Mansfield Microfarms craft sustainable urban agriculture model

February 12, 2021

Mansfield Microfarms craft sustainable urban agriculture model

Kip Curtis at microfarm

Kip Curtis at microfarm

Kip Curtis and Mansfield microfarm volunteers in 2019. Photo courtesy Kip Curtis.

Back in the ’70s, Kip Curtis’ parents embraced the back-to-the-land movement and raised their kids on a sustainable farm, growing their own vegetables, raising their own livestock and generating their own heat.

It was hard work, but it proved to be a formative experience once Curtis, an associate professor of history at Ohio State-Mansfield, became an environmental historian.

“I was this curious environmental scholar who didn’t harbor romantic notions of nature,” he said.

Recognizing the time and grit that go into nurturing sustainable agriculture has been essential to Curtis’ efforts to develop a network of urban microfarms in Mansfield, an initiative that places social justice and equity at the forefront of the project.

“I really understand nature through the lens of labor,” Curtis said. “Our most dependent connections with nature aren’t standing on a cliff looking at a beautiful landscape; they are farming and mining and utilizing it in these ways, and that makes it a really arduous relationship that takes a lot of work.”

The Mansfield Microfarm Project, which started in 2017, was awarded a $2 million matching grant from the Foundation for Food and Agriculture Research in 2019 and another $89,976 grant from the North Central Region Sustainable Agriculture Research and Education Program in 2020.

With that support, the project has blossomed into nine microfarms, each a new small business that is part of one membership cooperative called the Richland Gro-Op. The cooperative functions as the marketing face of the microfarming network, and together they create new wealth for these farmers and their community.
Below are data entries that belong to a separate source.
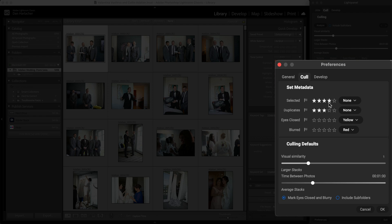If it's a duplicate photo, meaning there are two or more photos that look similar to each other, they'll be assigned three stars. Then for eyes closed and blur, you can set either a star rating or a color rating. I like to set eyes closed to get a yellow flag, or if it's blurry, to get a red flag. But again, it adapts to whatever color rating or star rating you like to use for your workflow.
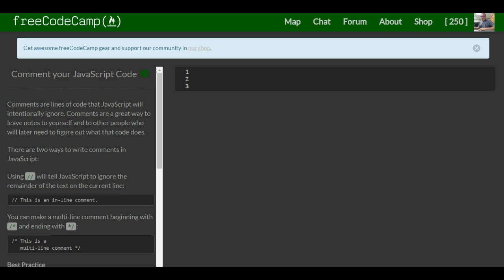Hello and welcome to the basic JavaScript section of FreeCodeCamp. This is lesson one and we're starting with commenting your JavaScript code.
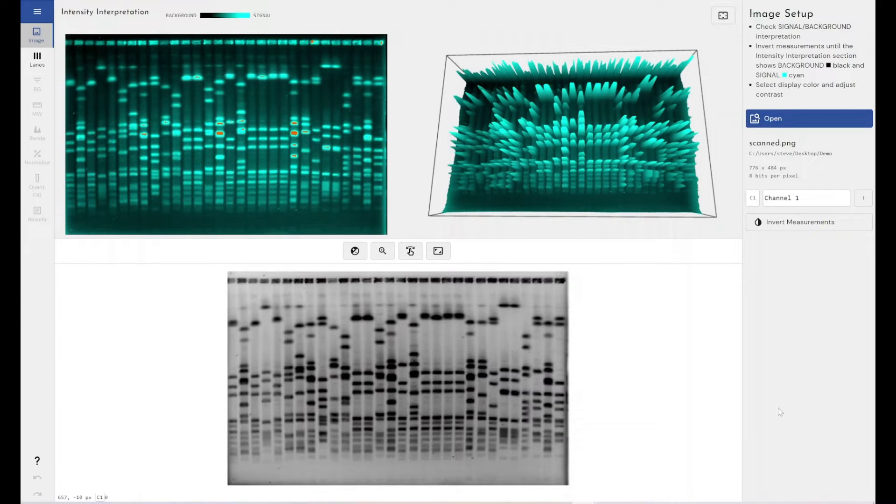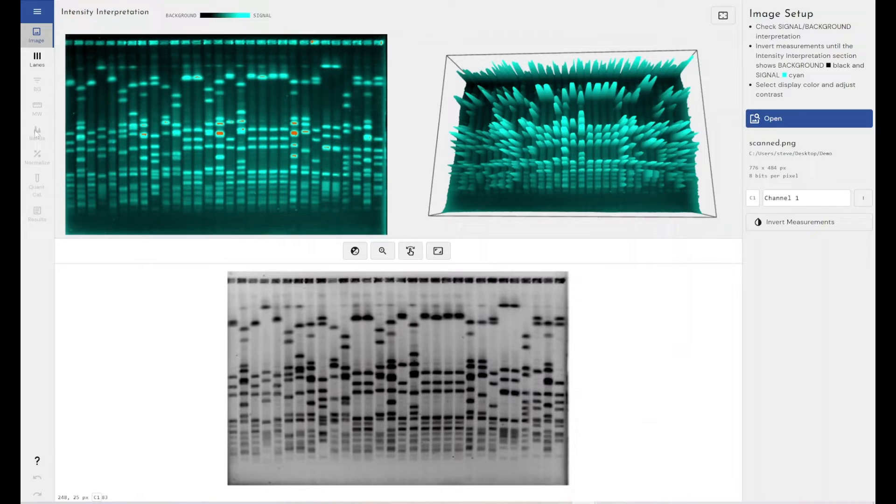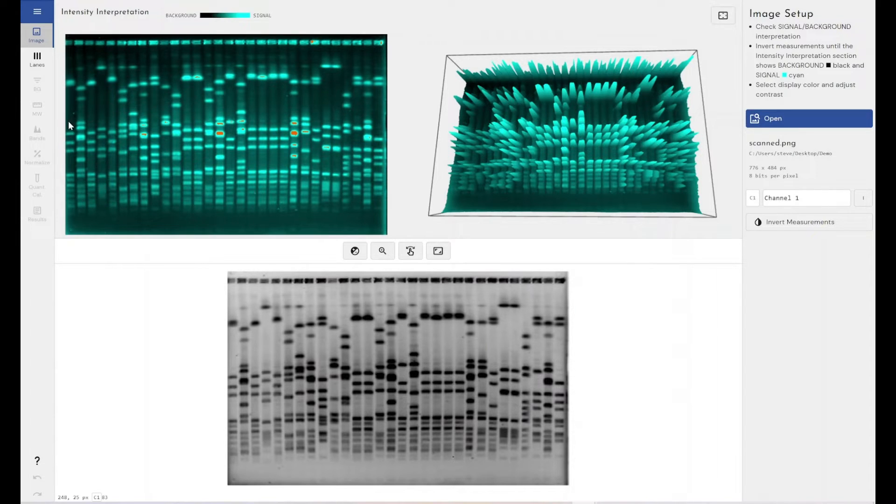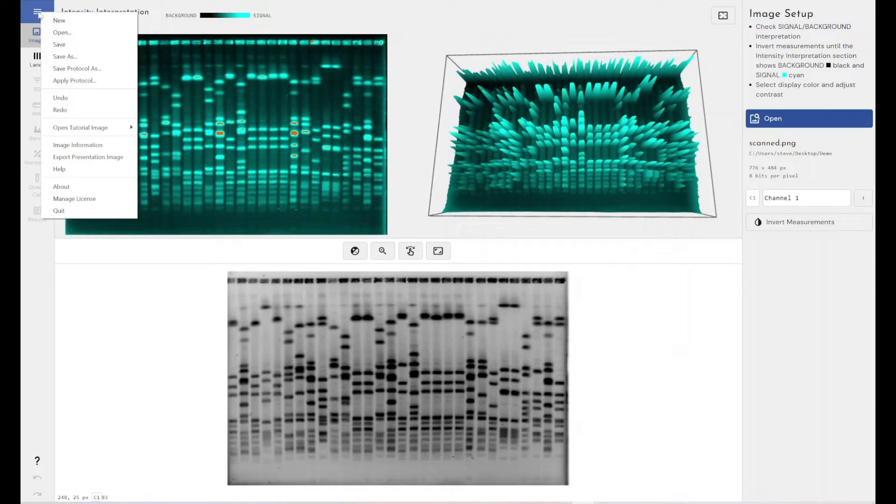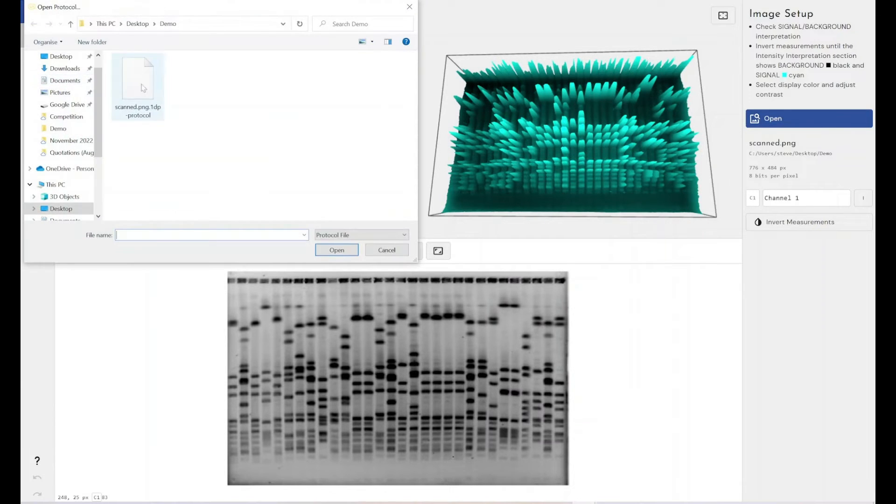As you can see here I've got an unanalyzed image in front of me. I've not gone through any of the workflow within Phoretix 1D to analyze this, but I do have a protocol that I can apply to this that I've pre-prepared. So all I need to do to apply that protocol and to automate the analysis of this gel is to click on the main menu and click on apply protocol.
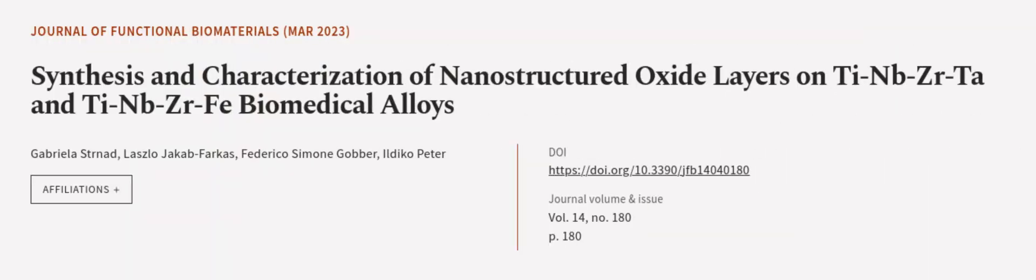This article was authored by Gabriela Stranad, Laszlo Jacob Farkas, Federico Simone Gauber, and others. We are article.tv, links in the description below.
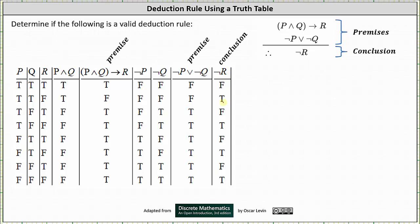And now we can check to see if the argument is a valid deduction rule. The next step is to determine the rows in which all the premises are true. Notice both premises are true in row three, row five, and row seven. Now we check to see if the conclusion is also true in these three rows. If the conclusion is true in all these rows, we have a valid deduction rule; if not, we do not. In row three, when the two premises are true, the conclusion is false.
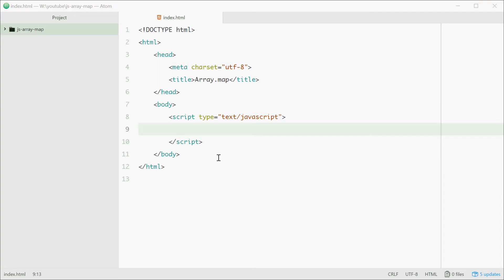How's it going? Today I'll be showing you how to use the map method on arrays in JavaScript. Basically, map allows you to run a function on each element in an array and then return a modified version of each element.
When Curtis embarked on this project at Ohio State four years ago, he wanted to address two issues he’d seen in sustainable urban farming. The first was an overall absence of social justice in environmentalism, and the second was the tendency for urban farms to stall after their initial launch.

“We were sending people in at-risk communities who were already stretched thin into the most low-margin production industry without any support whatsoever,” he said. “It was really ignorant of what farming actually was and what farming actually needs.”

Students gardening in microfarm

Students gardening in a microfarm high tunnel in 2019. Photo courtesy Kip Curtis.

Curtis was looking for the goldilocks farm site — large enough to bring in an income but small enough for a family or individual to operate.

So, the microfarm was born: one-third of an acre with two high tunnels that enable indoor and outdoor multiseason growing with an aim of generating about $50,000 in gross income per year. People would be trained to own and operate their own microfarm, coordinate what they grow through an annual crop plan for the whole cooperative, and then aggregate and sell their products through the Richland Gro-Op.

Mansfield happened to be perfectly positioned to jump into this idea. Community partners like the North End Community Improvement Collaborative and the Richland County Foundation were already working on building more sustainable food systems, launching a local farmer’s market and building community gardens.

“It was about design from the university matching community ambitions,” Curtis said.

Once they had the idea fleshed out, Curtis and his partners started recruiting committed growers, with an emphasis on finding African American and low-income participants. Now, with nine producers dedicated to growing for the cooperative, the project is solidifying its marketing plan for the year ahead to secure a sustainable source of revenue.

Behind narratives is storytelling, which is really about morals, it’s about values,” Curtis said. “We tell stories to get the internal conscience working.”

Part of that strategy is developing a crop plan aligned with known purchasing needs in local households, restaurants and institutional buyers. By matching those needs, the project will be able to balance the desire to get the highest price possible for their products while also selling as much as possible within Richland County.

“The risks are enormous, so the fact that we can through the grant reduce the risks for the producers was huge in getting people on board,” Curtis said. “It really takes a research university to be able to create the environment for this kind of innovation to take place.”

Last year, Curtis was named a faculty fellow with the Office of Outreach and Engagement, through which he will seek to build a replicable model of community engagement and expand the successes found in Mansfield to other small cities in Ohio.

He said he hopes his work in Mansfield has created a story about how such efforts – rooted in community ambitions that develop tangible opportunities for positive change – can help accomplish the goals of sustainability and heal and improve humans’ relationship with the Earth and with each other.

“We see the world imperfectly,” Curtis said. “The scientific method acknowledges that and removes the imperfections to get at a certain kind of knowledge, but it does so resting within a story. That story? That’s what we humanists do. We develop them, we critique them, and we question whether they’re enlisted for the wrong kinds of ends.”

Curtis hopes humanists will embrace their ability to create “histories of the future” like the microfarm project to empower people to be socially just and ecologically sustainable. They have a particular role to play in facilitating the creation of sustainable systems, he said.

“Behind narratives is storytelling, which is really about morals, it’s about values,” Curtis said. “We tell stories to get the internal conscience working.”